> [Action item] Nothing but the records themselves, exactly as written, should appear in the reply; leave out the pictures.

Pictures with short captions
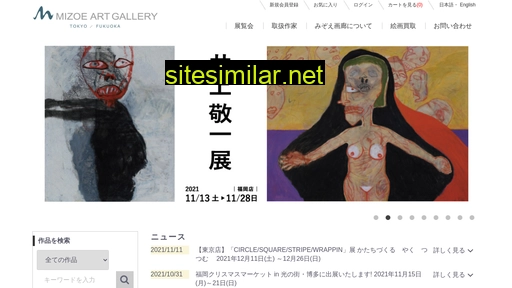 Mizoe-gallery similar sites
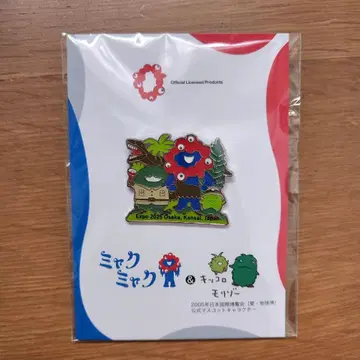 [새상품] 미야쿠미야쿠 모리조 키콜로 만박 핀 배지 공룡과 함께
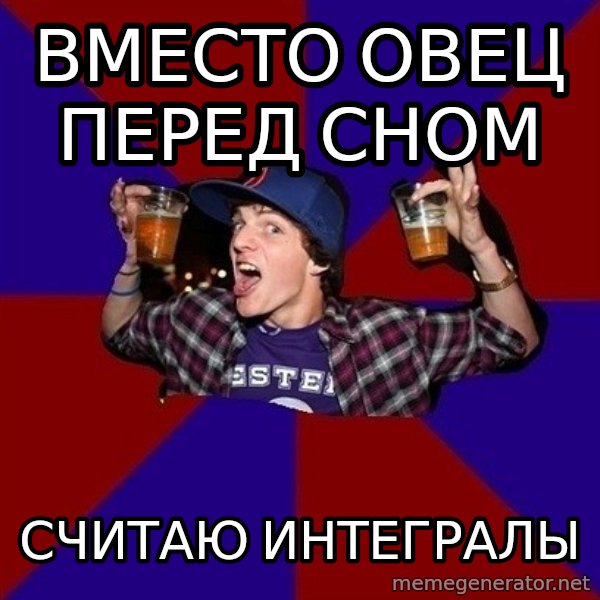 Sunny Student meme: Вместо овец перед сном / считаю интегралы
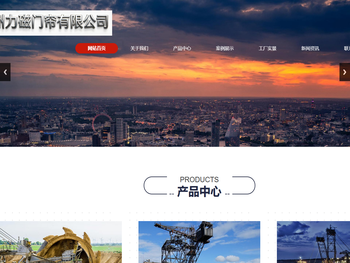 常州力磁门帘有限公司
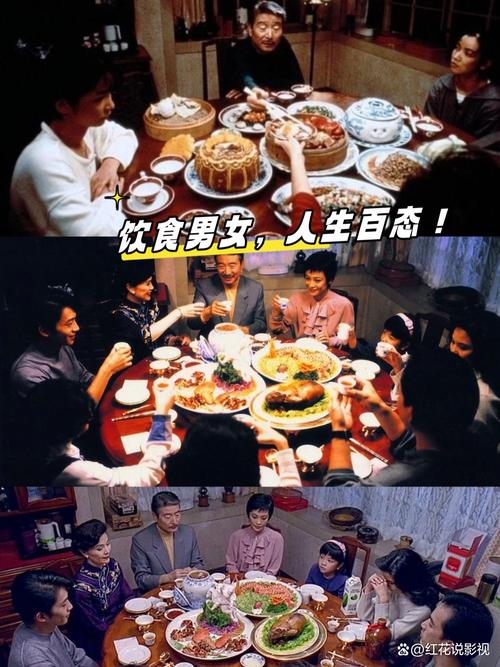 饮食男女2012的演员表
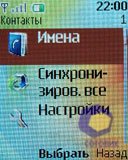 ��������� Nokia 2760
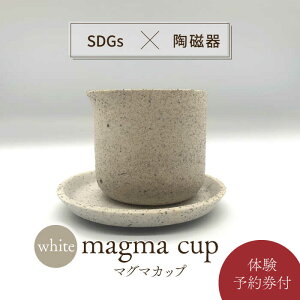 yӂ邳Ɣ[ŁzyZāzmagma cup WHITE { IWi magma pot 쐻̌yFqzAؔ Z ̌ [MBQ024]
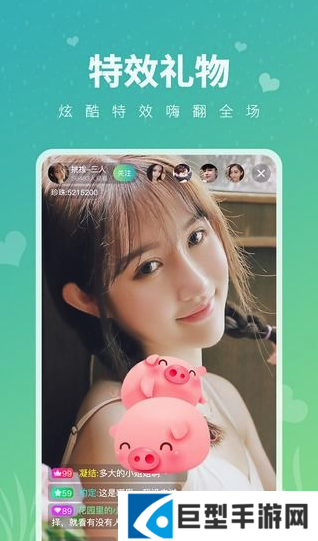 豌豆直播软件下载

> [Task answer]
 Mizoe-gallery similar sites
 [새상품] 미야쿠미야쿠 모리조 키콜로 만박 핀 배지 공룡과 함께
 Sunny Student meme: Вместо овец перед сном / считаю интегралы
 常州力磁门帘有限公司
 饮食男女2012的演员表
 ��������� Nokia 2760
 yӂ邳Ɣ[ŁzyZāzmagma cup WHITE { IWi magma pot 쐻̌yFqzAؔ Z ̌ [MBQ024]
 豌豆直播软件下载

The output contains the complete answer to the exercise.